### Given records
--------------------------------------------------
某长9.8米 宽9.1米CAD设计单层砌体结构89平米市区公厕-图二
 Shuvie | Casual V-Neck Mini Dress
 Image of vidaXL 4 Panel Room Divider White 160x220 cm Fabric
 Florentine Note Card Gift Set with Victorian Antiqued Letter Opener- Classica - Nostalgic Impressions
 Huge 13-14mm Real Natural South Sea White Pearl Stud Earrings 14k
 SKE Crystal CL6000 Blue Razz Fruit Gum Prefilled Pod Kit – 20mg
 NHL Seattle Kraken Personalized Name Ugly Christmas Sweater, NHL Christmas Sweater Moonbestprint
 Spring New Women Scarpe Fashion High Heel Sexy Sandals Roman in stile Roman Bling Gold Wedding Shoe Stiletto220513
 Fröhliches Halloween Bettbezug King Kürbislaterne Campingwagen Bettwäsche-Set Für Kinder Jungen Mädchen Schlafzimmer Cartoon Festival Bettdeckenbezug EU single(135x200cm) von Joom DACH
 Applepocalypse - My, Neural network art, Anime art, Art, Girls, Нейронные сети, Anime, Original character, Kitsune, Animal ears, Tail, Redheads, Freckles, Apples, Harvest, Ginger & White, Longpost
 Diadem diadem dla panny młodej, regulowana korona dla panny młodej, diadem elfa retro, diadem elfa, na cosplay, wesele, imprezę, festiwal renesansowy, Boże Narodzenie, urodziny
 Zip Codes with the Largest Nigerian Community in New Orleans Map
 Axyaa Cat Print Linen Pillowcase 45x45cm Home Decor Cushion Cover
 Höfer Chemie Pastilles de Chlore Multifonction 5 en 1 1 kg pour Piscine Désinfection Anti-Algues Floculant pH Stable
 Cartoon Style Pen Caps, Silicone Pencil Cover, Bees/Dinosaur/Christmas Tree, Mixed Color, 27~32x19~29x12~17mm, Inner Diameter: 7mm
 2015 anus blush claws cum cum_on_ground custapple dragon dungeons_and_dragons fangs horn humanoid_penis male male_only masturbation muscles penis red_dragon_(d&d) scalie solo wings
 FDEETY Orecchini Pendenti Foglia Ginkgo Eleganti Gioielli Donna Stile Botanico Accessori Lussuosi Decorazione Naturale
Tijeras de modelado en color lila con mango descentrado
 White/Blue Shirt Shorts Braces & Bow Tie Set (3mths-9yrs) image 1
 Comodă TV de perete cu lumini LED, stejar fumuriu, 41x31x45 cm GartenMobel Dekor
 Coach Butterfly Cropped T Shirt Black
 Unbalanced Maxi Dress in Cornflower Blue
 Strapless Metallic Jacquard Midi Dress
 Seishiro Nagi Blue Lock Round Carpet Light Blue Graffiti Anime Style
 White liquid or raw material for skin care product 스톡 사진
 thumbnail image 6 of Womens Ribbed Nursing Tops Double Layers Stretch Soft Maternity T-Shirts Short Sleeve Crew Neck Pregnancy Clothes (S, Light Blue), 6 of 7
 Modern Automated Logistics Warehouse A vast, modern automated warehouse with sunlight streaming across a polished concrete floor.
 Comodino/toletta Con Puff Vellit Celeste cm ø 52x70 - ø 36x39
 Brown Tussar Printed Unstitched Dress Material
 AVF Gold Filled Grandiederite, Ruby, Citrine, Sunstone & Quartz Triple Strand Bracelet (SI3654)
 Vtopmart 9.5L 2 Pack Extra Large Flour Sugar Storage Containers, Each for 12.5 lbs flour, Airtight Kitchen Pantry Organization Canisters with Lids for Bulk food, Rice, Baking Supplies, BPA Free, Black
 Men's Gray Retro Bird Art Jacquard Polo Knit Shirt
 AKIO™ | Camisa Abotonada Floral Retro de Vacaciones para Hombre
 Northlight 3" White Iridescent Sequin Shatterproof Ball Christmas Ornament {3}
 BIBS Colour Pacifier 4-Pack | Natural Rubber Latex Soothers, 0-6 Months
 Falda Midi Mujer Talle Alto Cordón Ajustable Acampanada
--------------------------------------------------
### Assignment
Taking the lines above, repeat exactly those from the line that contains "Fröhliches Halloween Bettbezug" through the line that contains "Höfer Chemie Pastilles", and both of those lines as well. Include nothing else.

### Solution for this task
 Fröhliches Halloween Bettbezug King Kürbislaterne Campingwagen Bettwäsche-Set Für Kinder Jungen Mädchen Schlafzimmer Cartoon Festival Bettdeckenbezug EU single(135x200cm) von Joom DACH
 Applepocalypse - My, Neural network art, Anime art, Art, Girls, Нейронные сети, Anime, Original character, Kitsune, Animal ears, Tail, Redheads, Freckles, Apples, Harvest, Ginger & White, Longpost
 Diadem diadem dla panny młodej, regulowana korona dla panny młodej, diadem elfa retro, diadem elfa, na cosplay, wesele, imprezę, festiwal renesansowy, Boże Narodzenie, urodziny
 Zip Codes with the Largest Nigerian Community in New Orleans Map
 Axyaa Cat Print Linen Pillowcase 45x45cm Home Decor Cushion Cover
 Höfer Chemie Pastilles de Chlore Multifonction 5 en 1 1 kg pour Piscine Désinfection Anti-Algues Floculant pH Stable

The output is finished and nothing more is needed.